Fig.1は、フロキシンBとコンゴーレッドを混ぜ合わせた液を濾紙に吸わせてしばらく時間をおいたものです。右端の濃い赤の箇所はコンゴーレッド、ピンクの箇所はフロキシンB、その左側は水といった具合に分離されています。それぞれ分子の大きさが異なっており触媒の中を進むスピードが異なるためこのような現象が起きます。これを「バンドが出た」といいます。この場合、水分子が最も小さくコンゴーレッドの分子が最も大きいといえます。
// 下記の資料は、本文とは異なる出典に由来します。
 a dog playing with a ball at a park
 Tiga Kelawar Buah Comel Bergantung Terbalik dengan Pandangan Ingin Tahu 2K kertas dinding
上記の性質を利用して「DNAの増幅に成功したか」を判定するために使われるのが電気泳動漕(Fig.2)です。漕の中はTAEバッファーという液体で満たされ、中央にゲル(寒天)を沈めてあります。ゲル作成時に5x2x5mm程度の穴を開けておき、そこへPCRでDNA増幅した液体を流し込みます。青い小さな四角が並んでいるのがそれです。漕の中に電流を流し電荷を持つ分子がゲルの中をどのように移動するのかを見るわけです。

DNA増幅した液体にはDNAと反応して蛍光を発する試薬を加えてあります。紫外線を照射するとFig.3のように光って見えます。Fig.4は電流を流した数分後の状態で、スタート時とほぼ同じ面積のまま移動しています。単一のバンドが出たということです。これは増幅したいDNA領域のみが、ねらい通り増幅されていることを意味しています。

まれにバンドが2重に出たりすることもあります(Fig.5)。コンタミなのか、たまたま増幅したいDNA領域とは異なった短い配列が増幅されてしまったのか？　第2のバンドは最終的に消えてしまったので、塩基配列を読みとる行程には影響はないであろうと判断しました。